Extracted records Block Start
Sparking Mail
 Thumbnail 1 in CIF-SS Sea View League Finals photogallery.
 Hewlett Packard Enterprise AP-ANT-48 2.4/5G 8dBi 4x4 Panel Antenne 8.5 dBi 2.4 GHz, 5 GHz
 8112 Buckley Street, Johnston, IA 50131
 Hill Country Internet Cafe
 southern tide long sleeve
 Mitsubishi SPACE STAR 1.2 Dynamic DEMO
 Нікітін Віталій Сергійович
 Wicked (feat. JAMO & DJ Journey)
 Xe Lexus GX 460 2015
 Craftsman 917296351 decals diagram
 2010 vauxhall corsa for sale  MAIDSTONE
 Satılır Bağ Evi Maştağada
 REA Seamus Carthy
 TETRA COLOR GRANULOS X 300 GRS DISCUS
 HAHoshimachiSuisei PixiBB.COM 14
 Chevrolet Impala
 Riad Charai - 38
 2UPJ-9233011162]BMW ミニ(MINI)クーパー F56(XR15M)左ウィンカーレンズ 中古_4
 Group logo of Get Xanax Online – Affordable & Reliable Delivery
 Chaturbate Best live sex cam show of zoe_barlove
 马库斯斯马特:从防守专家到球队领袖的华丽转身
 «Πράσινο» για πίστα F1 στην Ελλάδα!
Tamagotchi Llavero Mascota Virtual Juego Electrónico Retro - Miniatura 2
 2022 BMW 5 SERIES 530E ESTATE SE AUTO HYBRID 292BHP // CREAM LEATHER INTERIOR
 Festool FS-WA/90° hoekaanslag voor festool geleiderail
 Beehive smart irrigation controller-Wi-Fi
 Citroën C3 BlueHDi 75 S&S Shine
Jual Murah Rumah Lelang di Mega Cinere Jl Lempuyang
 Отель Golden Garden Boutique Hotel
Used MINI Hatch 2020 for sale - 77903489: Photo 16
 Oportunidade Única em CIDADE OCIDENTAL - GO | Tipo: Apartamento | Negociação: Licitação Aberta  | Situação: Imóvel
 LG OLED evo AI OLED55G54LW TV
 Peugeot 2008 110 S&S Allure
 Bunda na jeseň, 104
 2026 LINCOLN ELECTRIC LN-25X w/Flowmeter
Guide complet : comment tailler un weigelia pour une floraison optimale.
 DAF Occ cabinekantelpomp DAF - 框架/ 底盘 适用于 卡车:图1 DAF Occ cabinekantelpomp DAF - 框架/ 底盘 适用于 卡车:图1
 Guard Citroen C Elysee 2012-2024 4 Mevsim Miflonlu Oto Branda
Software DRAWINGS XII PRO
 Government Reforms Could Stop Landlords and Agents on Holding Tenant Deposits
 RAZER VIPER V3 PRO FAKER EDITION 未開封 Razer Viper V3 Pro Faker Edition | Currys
Extracted records Block End
Task instructions :: In the records above, copy exactly the lines from the one that contains "马库斯斯马特:从防守专家到球队领袖的华丽转身" through the last, and nothing else.

Task response ::
 马库斯斯马特:从防守专家到球队领袖的华丽转身
 «Πράσινο» για πίστα F1 στην Ελλάδα!
Tamagotchi Llavero Mascota Virtual Juego Electrónico Retro - Miniatura 2
 2022 BMW 5 SERIES 530E ESTATE SE AUTO HYBRID 292BHP // CREAM LEATHER INTERIOR
 Festool FS-WA/90° hoekaanslag voor festool geleiderail
 Beehive smart irrigation controller-Wi-Fi
 Citroën C3 BlueHDi 75 S&S Shine
Jual Murah Rumah Lelang di Mega Cinere Jl Lempuyang
 Отель Golden Garden Boutique Hotel
Used MINI Hatch 2020 for sale - 77903489: Photo 16
 Oportunidade Única em CIDADE OCIDENTAL - GO | Tipo: Apartamento | Negociação: Licitação Aberta  | Situação: Imóvel
 LG OLED evo AI OLED55G54LW TV
 Peugeot 2008 110 S&S Allure
 Bunda na jeseň, 104
 2026 LINCOLN ELECTRIC LN-25X w/Flowmeter
Guide complet : comment tailler un weigelia pour une floraison optimale.
 DAF Occ cabinekantelpomp DAF - 框架/ 底盘 适用于 卡车:图1 DAF Occ cabinekantelpomp DAF - 框架/ 底盘 适用于 卡车:图1
 Guard Citroen C Elysee 2012-2024 4 Mevsim Miflonlu Oto Branda
Software DRAWINGS XII PRO
 Government Reforms Could Stop Landlords and Agents on Holding Tenant Deposits
 RAZER VIPER V3 PRO FAKER EDITION 未開封 Razer Viper V3 Pro Faker Edition | Currys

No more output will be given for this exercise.